If you believe there is evidence your program will have a positive impact, can be scaled up, and is addressing an important educational challenge in Australia, then the next step is to choose a type of trial that best suits your program.
Pilot trials: Test the effect of programs and support their codification prior to large-scale research trials through an independent developmental evaluation.
Efficacy trials: Evaluate the effect of well-codified, promising programs to test whether they can deliver on their promise under ideal and ‘controlled’ conditions, and support its codification prior to scaling across more schools.
Effectiveness trials: Evaluate the effect of well-codified, promising programs to test whether they can deliver full-scale as intended, across more schools under ‘real world’ conditions.
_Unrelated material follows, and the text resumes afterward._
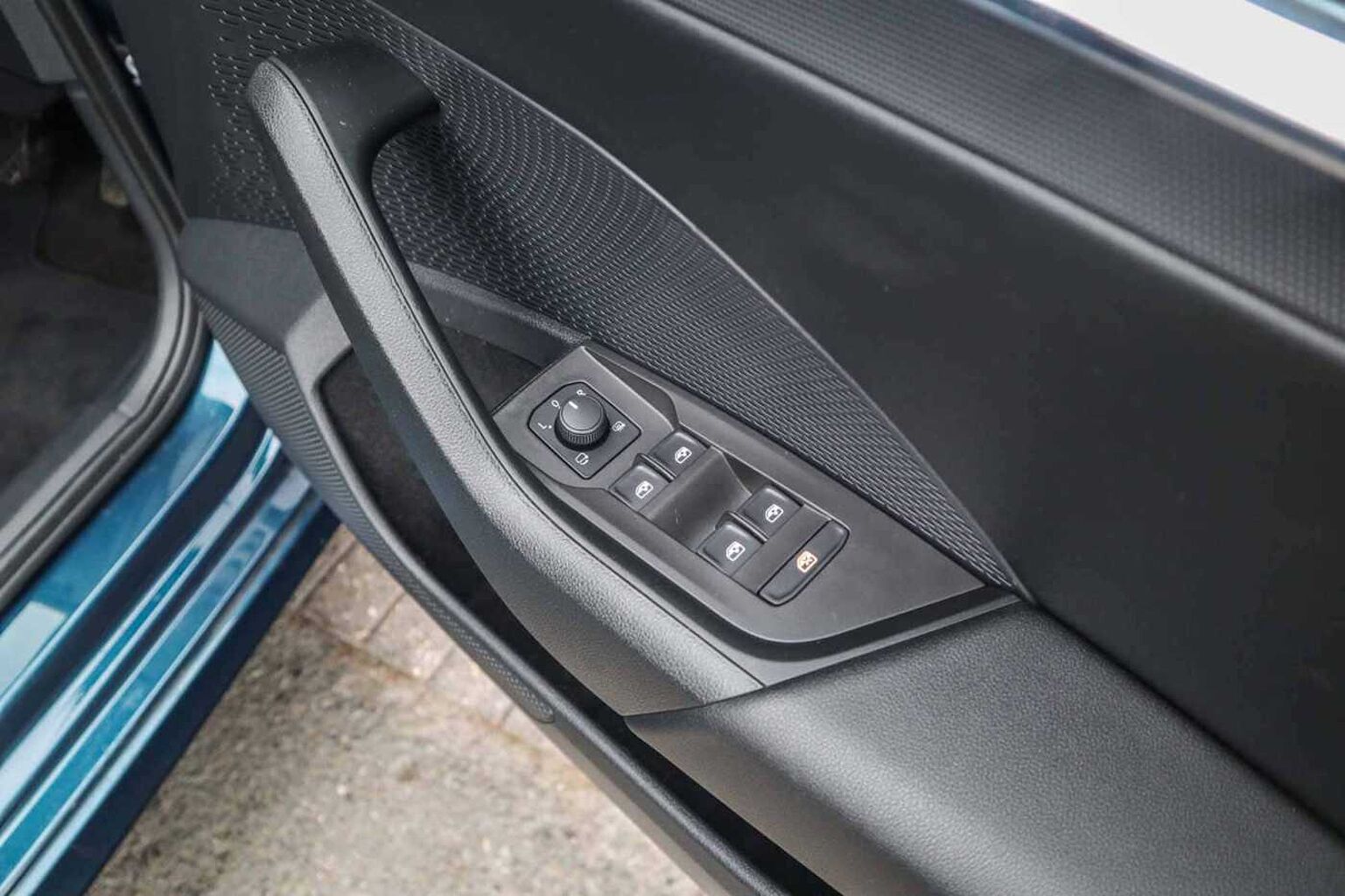 SKODA Octavia 1.5 TSI e-TEC MHEV SE L Estate 5dr Petrol Hybrid DSG Euro 6 (s/s) (150 ps)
Programs that have demonstrated impact in the effectiveness stage may be good candidates for system investment and support for further scale.
The diagram above shows where in a program’s lifecycle that different types of evaluation are suitable. Two main features of a program will determine its place along this continuum:
- The degree to which it has been well-defined and codified.
- The strength of the evidence that it is effective.
Here’s what the timeline for a trial might look like, based on our experience with our Learning Impact Fund.
Planning Stage
- Independent evaluators are appointed.
- The applicant, the evaluator and funding body will work together at a first set-up meeting to develop a detailed project plan, evaluation design and budget.
- Investigate potential for co-funding with strategic partners in addition to any co-funding you have already identified.
- Specific, costed plans for project delivery are made, based on the outcomes of the first set-up meeting.
- Milestones are set to assure successful delivery of the project.
Delivery Stage
- In Evidence for Learning’s experience, there would typically be four and six months between the funding approval of a project and delivery beginning in schools. This lag allows time for recruitment of schools, delivery of training and evaluation set-up.
- A delivery timeline is agreed during the planning stage outlined above.